-- Exercise material follows --
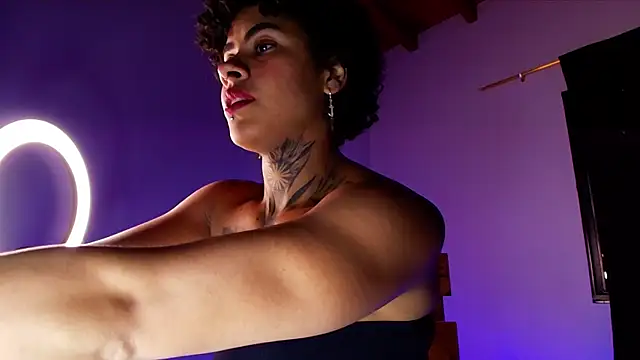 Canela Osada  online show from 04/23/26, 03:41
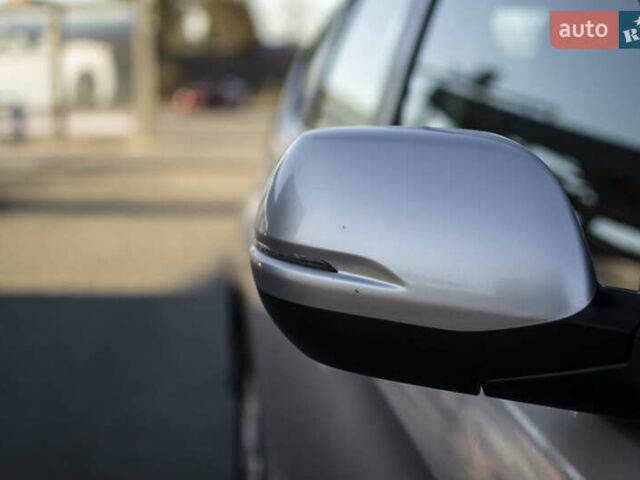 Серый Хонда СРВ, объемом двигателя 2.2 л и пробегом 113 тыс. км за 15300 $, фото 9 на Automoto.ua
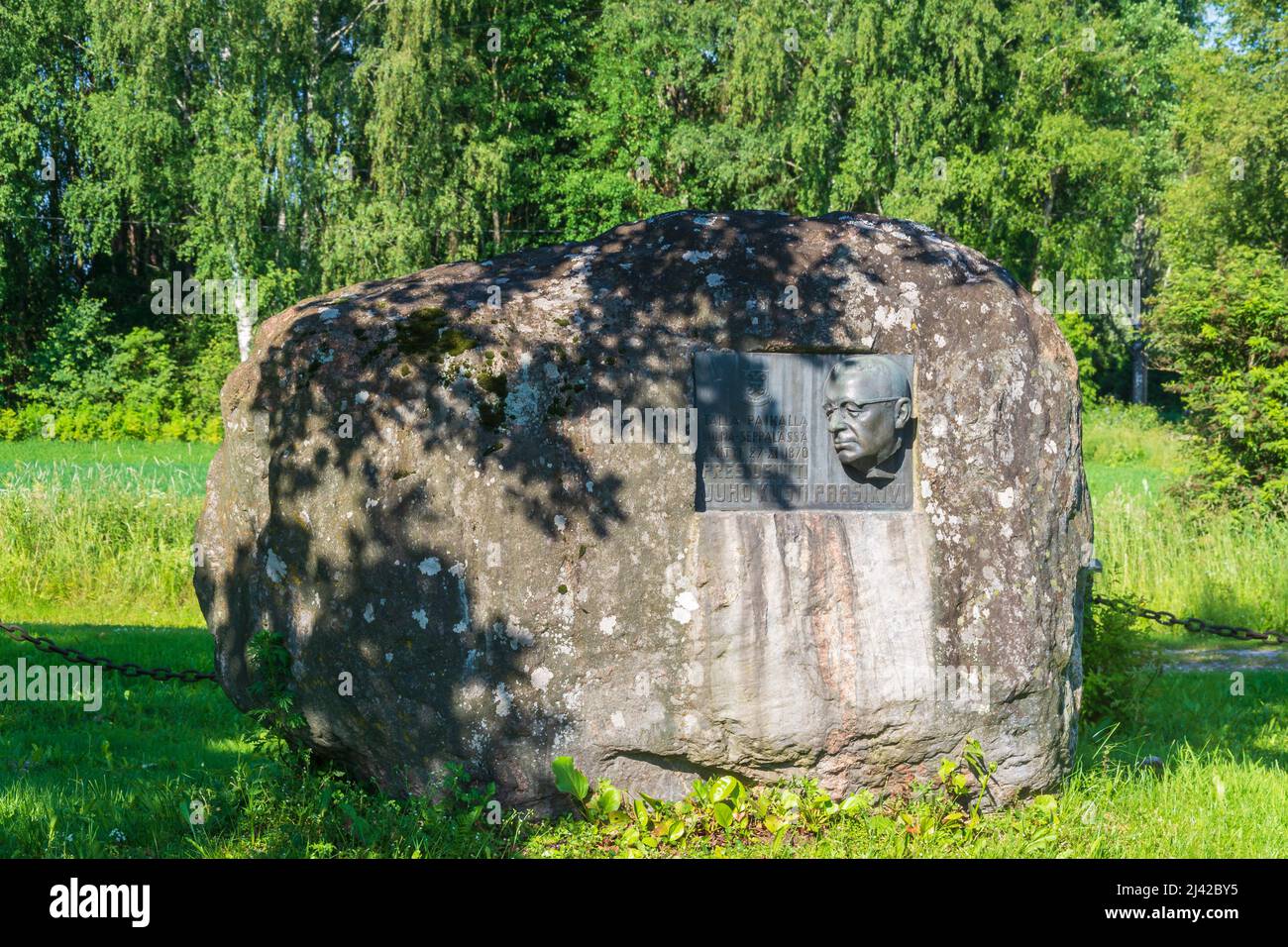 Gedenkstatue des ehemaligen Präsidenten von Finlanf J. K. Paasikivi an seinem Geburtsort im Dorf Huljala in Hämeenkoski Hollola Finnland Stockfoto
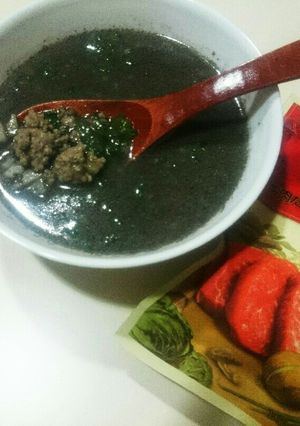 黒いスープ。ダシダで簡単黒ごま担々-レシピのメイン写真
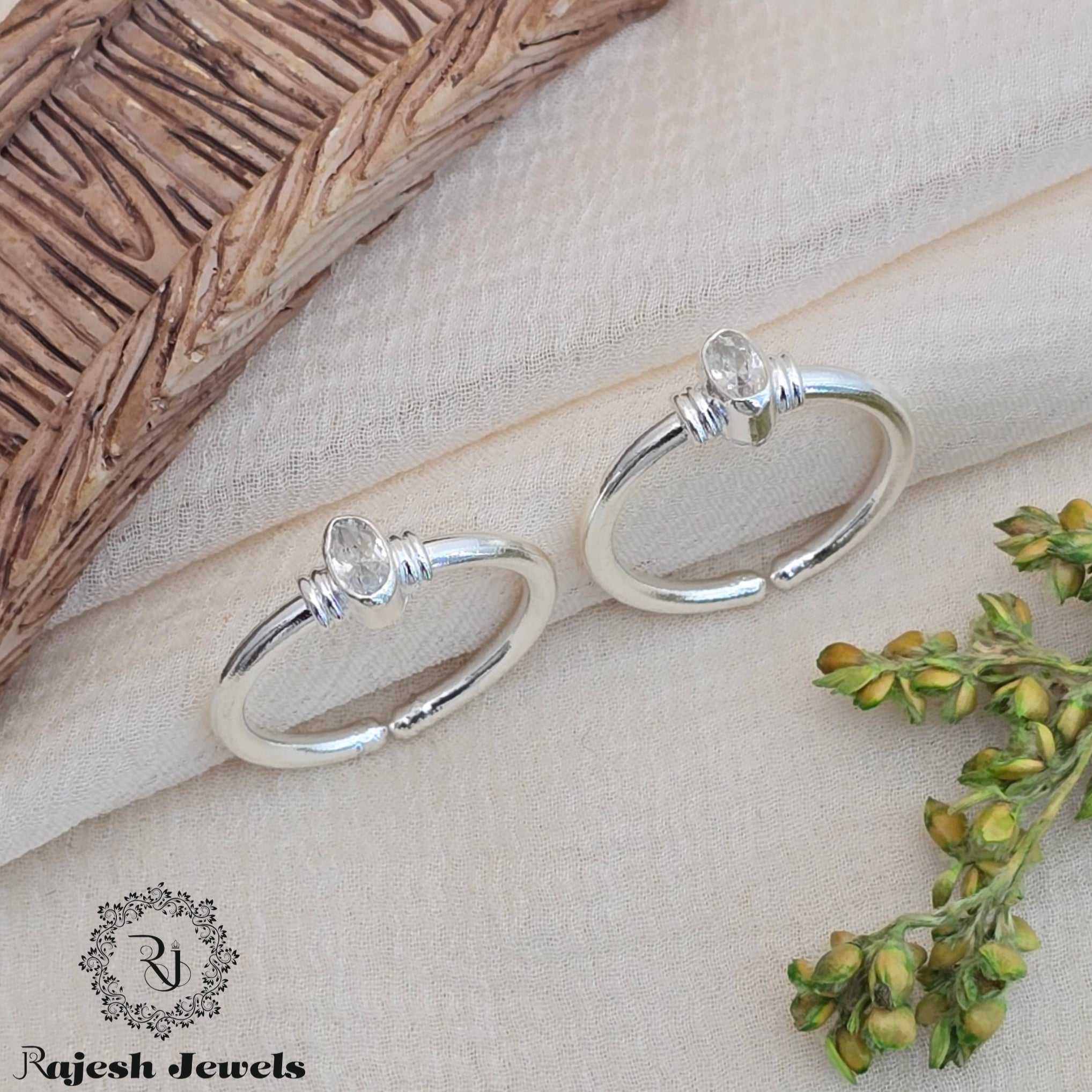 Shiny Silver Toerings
-- Exercise material concluded --
-- Exercise material follows --
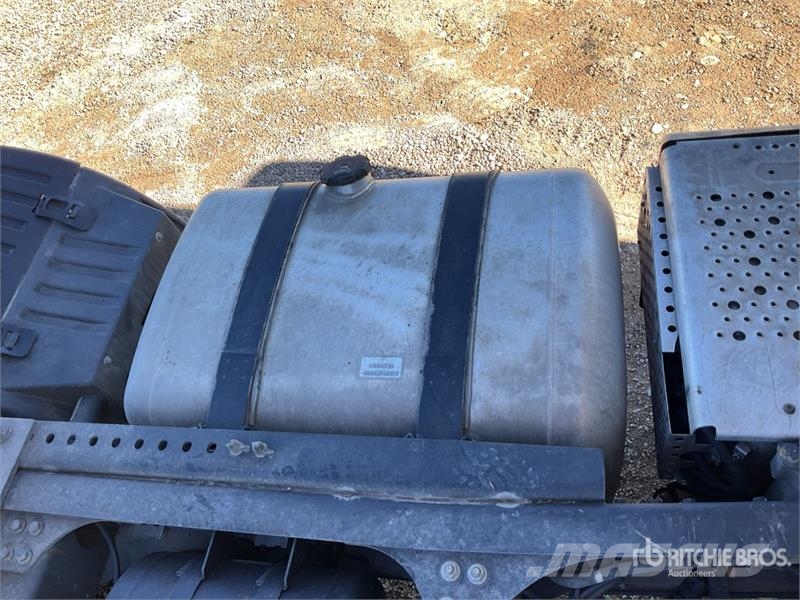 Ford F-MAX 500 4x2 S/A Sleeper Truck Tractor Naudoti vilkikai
-- Exercise material concluded --
§ **Task objective**: Without the pictures, set down the lines above from the line with "from 04/23/26, 03:41" up to and including the line with "Shiny Silver Toerings" exactly as they stand.

§ **Exercise solution**:
 Canela Osada  online show from 04/23/26, 03:41
 Серый Хонда СРВ, объемом двигателя 2.2 л и пробегом 113 тыс. км за 15300 $, фото 9 на Automoto.ua
 Gedenkstatue des ehemaligen Präsidenten von Finlanf J. K. Paasikivi an seinem Geburtsort im Dorf Huljala in Hämeenkoski Hollola Finnland Stockfoto
 黒いスープ。ダシダで簡単黒ごま担々-レシピのメイン写真
 Shiny Silver Toerings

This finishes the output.